44-year-old had driven for at least seven hours without taking a break because ‘he wasn’t tired,’ court hears

Alexander Leibman in court, Rishon Letzion, December 23, 2019.
Moti Milrod

Israel Police suspect a bus driver involved in a fatal accident on Sunday near Ben-Gurion International Airport hadn’t rested enough between trips, in what they told court on Thursday was contempt for the law.

Some of the driver’s superiors in the Egged bus company were also questioned, sources told Haaretz, as police say they would have to explain why he didn’t take a break.

Four passengers on the 947 bus from Jerusalem to Haifa were killed and 14 others injured when the driver, 44-year-old Alexander Leibman, apparently lost control, running into a bus stop on Route 40 near Bedek Junction and then going off the road. The four dead were trapped under the concrete side of the bus stop, which collapsed after the bus hit it.
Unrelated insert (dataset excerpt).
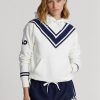 Sudadera con capucha polar Ralph Lauren para mujer, color blanco, para el Abierto de Australia de críquet Sudadera con capucha polar Ralph Lauren para mujer, color blanco, para el Abierto de Australia de críquet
Leibman could be charged with reckless homicide, police say, which carries a maximum sentence of 12 years in prison, in addition to involuntary manslaughter, reckless driving and other traffic offenses.

Police has sought the public’s help in reaching out to people who were only lightly injured in the accident and left the scene on their own, as they may be able to shed light on what happened in the seconds preceding the crash.

The scene of a bus crash near Ben-Gurion International Airport on December 22, 2019.
Ofer Vaknin

GPS data from the bus’s systems showed it was going only 60 km/h at the time of the accident, which was within the speed limit, the bus company said earlier this week, adding that the driver had a valid license and the bus had been properly maintained.

At a hearing in the Rishon Letzion Magistrate’s Court on Thursday, police representative Senior Staff Sgt. Maj. Eli Sayag said Leibman had driven for at least seven hours without a break, whereas the law requires a half-hour break every four hours.

“He was asked why he didn’t rest, and he said he wasn’t tired,” Sayag told the court. But the law doesn’t leave this to the driver’s discretion, he noted, so “he should have stopped for at least half an hour.”

Sayag added that other Egged officials would also be questioned. The court ordered Leibman released to house arrest, rejecting police’s request that he be kept in custody for another five days lest he coordinate his story with other employees.

Egged said on Thursday it has no intention of obstructing the investigation and will wait until the results are published. It added that it has complete faith in the police and is cooperating with the probe.